Euclid refers to a mean proportional when among three quantities the same proportion is found from the first to the second, as from the second to the third. The one that lies between the two extremes is called the mean proportional. For example, with the numbers 9, 3, 1 of the first figure, 3 will be the mean proportional between 9 and 1 because there is the same proportion from 9 to 3 as from 3 to 1. The same understanding applies to the numbers 8, 4, 2 from the second figure, where 4 is the mean proportional between 8 and 2.

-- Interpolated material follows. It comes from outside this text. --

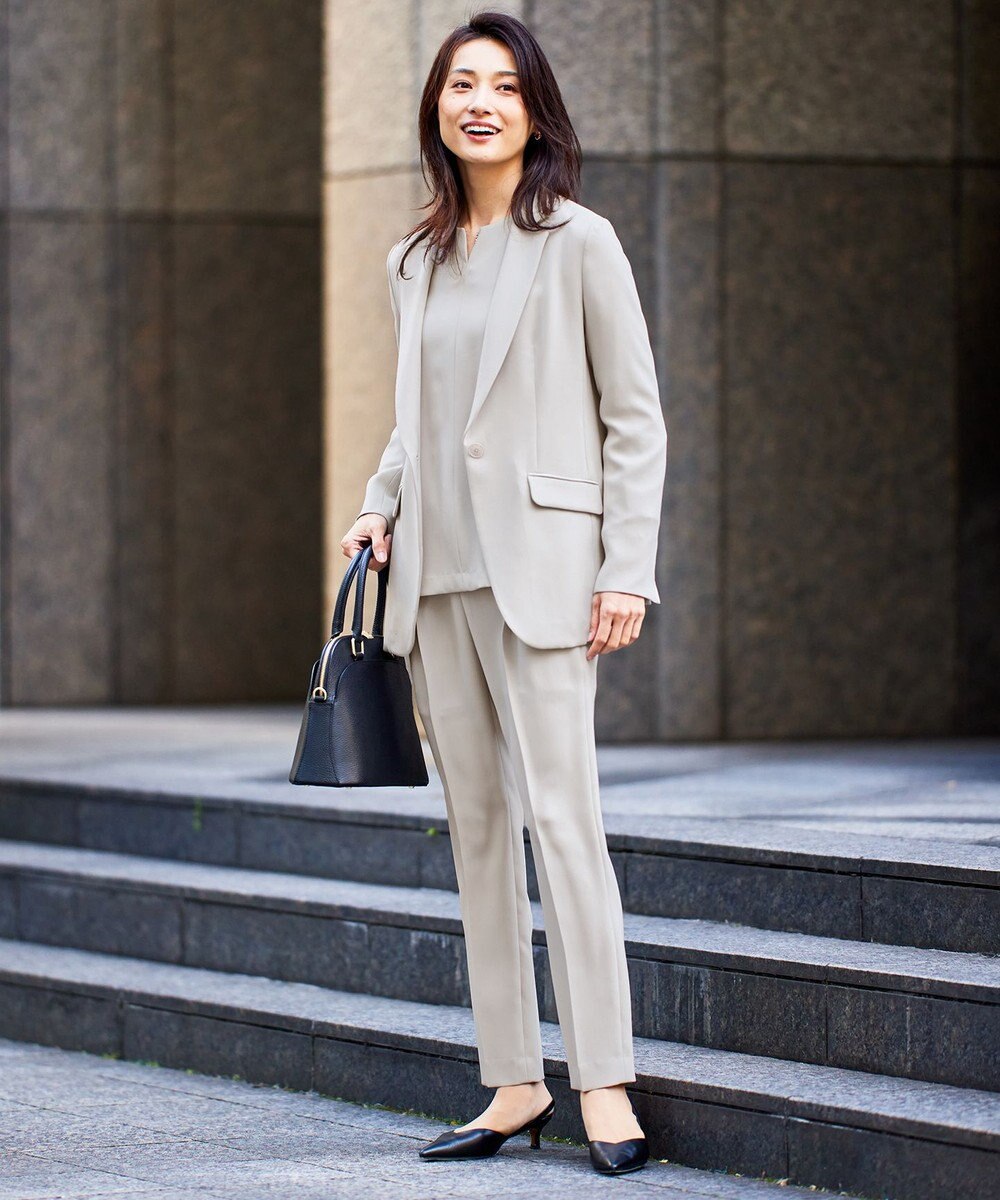 自由区 【セットアップ対応・洗える】トリアセダブルクロステーパード パンツ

In the circle, or semicircle, there exists a unique property: whenever a perpendicular is raised from any point on the diameter and terminates on the circumference, it will always be the mean proportional between the segments of the diameter. For example, in the semicircle A.D.B. indicated by the third figure, if the perpendicular C.D. is raised from point C, it will be the mean proportional between A.C. and C.B. This can be inferred from the corollary of proposition 8 in book 6 of Euclid’s Elements. One can empirically test this, finding that if A.C. is 1 and C.B. is 9, then C.D. will measure 3.
Let the circle A.B.C. have a diameter of eight feet, which is what we call common, where the two combatants stand with their right feet; and let the other external circle of the left feet be D.E.F. with a diameter of 10 feet. Draw a tangent I.A.H. from point A to the inner circle, which will be perpendicular to the diameter D.F., according to proposition 16 of book 3 by Euclid. Based on the aforementioned reason, it will serve as the mean proportional between the line D.A., which is one foot, and the line A.F., which is nine feet. The same will apply to the line H.K., perpendicular to the other diameter G.E. that is 10 feet. The line K.E. is eight feet, K.G. is two feet, and the mean K.H. will be four feet, being equal to and parallel to the radius of the common circle A.L., as can be verified in figure number 5.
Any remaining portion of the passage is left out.